Brief descriptive captions:
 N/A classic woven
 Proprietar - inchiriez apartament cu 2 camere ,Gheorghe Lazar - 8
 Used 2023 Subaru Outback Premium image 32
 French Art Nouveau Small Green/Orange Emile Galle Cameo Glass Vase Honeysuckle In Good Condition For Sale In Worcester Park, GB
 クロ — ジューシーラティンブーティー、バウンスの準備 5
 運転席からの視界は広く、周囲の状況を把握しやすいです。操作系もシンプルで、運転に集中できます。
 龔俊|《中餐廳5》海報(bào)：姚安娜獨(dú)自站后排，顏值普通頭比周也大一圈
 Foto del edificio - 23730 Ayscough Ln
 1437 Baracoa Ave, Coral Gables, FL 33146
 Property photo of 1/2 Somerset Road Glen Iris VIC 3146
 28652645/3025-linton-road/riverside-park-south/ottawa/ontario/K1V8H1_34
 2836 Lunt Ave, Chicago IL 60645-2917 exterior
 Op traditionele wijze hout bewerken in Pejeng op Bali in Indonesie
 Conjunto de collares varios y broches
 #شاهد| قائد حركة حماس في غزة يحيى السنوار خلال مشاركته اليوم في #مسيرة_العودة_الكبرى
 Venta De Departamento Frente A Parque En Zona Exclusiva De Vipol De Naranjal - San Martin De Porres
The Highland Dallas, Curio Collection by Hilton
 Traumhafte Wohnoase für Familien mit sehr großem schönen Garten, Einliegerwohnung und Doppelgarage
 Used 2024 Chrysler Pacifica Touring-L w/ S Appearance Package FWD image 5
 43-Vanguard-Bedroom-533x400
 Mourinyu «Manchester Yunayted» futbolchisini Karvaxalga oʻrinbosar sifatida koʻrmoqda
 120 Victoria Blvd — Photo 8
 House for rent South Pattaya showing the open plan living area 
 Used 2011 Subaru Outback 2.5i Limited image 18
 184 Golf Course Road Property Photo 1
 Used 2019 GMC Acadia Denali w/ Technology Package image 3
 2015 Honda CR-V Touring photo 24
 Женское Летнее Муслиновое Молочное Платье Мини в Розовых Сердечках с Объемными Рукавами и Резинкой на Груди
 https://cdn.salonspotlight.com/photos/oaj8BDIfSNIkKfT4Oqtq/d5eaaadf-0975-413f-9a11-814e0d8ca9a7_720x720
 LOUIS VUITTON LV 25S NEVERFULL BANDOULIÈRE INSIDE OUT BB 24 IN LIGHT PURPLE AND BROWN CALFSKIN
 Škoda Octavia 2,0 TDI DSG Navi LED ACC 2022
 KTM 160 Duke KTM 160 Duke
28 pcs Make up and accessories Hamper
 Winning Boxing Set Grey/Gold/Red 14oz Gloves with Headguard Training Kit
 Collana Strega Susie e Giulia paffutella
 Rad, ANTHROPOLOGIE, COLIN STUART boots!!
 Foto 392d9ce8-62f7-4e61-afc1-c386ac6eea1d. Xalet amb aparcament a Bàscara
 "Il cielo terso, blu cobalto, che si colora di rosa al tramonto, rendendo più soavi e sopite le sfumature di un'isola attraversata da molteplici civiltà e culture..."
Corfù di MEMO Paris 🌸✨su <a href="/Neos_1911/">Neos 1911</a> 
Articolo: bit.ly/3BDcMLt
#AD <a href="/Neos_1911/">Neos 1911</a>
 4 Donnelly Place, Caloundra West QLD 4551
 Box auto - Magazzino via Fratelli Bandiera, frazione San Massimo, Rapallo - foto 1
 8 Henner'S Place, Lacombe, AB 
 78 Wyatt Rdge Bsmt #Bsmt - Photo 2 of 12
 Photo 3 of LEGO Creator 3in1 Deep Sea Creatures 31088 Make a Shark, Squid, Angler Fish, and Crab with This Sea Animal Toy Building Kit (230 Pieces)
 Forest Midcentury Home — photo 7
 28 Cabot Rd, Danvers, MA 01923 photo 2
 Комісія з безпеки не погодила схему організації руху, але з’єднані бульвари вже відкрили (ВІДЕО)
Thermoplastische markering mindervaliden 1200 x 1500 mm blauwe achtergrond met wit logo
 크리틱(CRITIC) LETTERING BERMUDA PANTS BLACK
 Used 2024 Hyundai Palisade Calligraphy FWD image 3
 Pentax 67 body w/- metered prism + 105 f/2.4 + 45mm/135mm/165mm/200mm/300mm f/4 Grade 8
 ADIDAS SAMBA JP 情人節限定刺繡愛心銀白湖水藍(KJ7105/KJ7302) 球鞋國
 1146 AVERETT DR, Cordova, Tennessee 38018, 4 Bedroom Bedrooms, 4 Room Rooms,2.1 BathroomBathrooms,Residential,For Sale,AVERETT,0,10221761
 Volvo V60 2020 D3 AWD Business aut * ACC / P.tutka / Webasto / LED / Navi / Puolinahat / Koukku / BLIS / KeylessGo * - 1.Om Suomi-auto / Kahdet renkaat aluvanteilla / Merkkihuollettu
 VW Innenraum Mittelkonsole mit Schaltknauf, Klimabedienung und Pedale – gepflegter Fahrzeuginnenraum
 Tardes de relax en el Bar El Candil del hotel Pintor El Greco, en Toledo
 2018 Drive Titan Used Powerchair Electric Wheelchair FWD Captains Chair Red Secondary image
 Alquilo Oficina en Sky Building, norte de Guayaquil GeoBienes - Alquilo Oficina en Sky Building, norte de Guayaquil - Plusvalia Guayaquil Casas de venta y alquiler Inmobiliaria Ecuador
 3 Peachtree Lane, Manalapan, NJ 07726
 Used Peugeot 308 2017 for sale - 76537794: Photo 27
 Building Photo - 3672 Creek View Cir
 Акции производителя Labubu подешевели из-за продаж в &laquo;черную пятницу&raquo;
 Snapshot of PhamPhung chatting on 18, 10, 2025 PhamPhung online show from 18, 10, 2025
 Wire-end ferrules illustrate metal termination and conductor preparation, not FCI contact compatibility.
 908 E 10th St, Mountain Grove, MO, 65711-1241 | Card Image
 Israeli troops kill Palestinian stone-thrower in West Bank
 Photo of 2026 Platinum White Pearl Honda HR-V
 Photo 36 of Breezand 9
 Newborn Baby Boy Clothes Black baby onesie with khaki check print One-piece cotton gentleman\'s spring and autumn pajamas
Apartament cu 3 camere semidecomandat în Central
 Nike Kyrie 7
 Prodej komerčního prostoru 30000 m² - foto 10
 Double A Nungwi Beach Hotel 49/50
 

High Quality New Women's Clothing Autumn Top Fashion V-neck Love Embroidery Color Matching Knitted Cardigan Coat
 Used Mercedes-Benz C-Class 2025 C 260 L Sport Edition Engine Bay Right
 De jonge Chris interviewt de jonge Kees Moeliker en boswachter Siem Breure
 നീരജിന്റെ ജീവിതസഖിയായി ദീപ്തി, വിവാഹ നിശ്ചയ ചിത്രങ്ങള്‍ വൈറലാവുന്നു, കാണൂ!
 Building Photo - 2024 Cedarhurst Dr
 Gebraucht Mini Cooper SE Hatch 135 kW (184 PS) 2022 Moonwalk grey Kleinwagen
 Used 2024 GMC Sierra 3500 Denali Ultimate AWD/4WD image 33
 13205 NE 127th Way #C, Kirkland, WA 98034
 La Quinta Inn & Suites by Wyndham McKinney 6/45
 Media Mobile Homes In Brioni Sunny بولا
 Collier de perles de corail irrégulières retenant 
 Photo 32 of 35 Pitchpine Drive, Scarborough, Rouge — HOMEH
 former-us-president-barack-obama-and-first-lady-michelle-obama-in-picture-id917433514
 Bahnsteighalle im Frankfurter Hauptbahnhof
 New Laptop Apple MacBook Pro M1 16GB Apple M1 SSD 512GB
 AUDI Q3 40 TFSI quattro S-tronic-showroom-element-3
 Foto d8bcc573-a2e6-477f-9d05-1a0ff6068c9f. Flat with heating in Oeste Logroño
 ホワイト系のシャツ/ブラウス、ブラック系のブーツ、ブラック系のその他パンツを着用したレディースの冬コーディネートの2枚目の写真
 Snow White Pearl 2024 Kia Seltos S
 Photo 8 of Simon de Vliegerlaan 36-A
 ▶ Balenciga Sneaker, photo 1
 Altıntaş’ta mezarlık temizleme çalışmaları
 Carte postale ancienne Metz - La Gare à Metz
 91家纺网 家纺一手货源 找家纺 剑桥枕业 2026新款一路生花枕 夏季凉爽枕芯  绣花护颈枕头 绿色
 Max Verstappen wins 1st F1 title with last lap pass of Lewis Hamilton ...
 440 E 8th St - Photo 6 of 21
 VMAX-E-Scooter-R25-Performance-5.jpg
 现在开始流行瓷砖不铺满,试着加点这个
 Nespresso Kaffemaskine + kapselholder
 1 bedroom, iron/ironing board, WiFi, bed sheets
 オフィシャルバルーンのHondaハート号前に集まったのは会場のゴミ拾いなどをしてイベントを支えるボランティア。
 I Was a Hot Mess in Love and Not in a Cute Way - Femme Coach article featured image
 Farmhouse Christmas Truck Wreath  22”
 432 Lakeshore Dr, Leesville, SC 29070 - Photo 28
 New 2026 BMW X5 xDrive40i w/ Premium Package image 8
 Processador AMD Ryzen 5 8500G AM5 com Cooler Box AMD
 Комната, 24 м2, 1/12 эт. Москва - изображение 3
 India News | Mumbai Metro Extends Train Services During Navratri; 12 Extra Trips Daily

■ **Work instruction**:
Repeat exactly the lines above from the one with "1437 Baracoa Ave, Coral Gables, FL 33146" up to and including the one with "oʻrinbosar sifatida koʻrmoqda". No other line belongs in the reply.

■ **Answer section**:
 1437 Baracoa Ave, Coral Gables, FL 33146
 Property photo of 1/2 Somerset Road Glen Iris VIC 3146
 28652645/3025-linton-road/riverside-park-south/ottawa/ontario/K1V8H1_34
 2836 Lunt Ave, Chicago IL 60645-2917 exterior
 Op traditionele wijze hout bewerken in Pejeng op Bali in Indonesie
 Conjunto de collares varios y broches
 #شاهد| قائد حركة حماس في غزة يحيى السنوار خلال مشاركته اليوم في #مسيرة_العودة_الكبرى
 Venta De Departamento Frente A Parque En Zona Exclusiva De Vipol De Naranjal - San Martin De Porres
The Highland Dallas, Curio Collection by Hilton
 Traumhafte Wohnoase für Familien mit sehr großem schönen Garten, Einliegerwohnung und Doppelgarage
 Used 2024 Chrysler Pacifica Touring-L w/ S Appearance Package FWD image 5
 43-Vanguard-Bedroom-533x400
 Mourinyu «Manchester Yunayted» futbolchisini Karvaxalga oʻrinbosar sifatida koʻrmoqda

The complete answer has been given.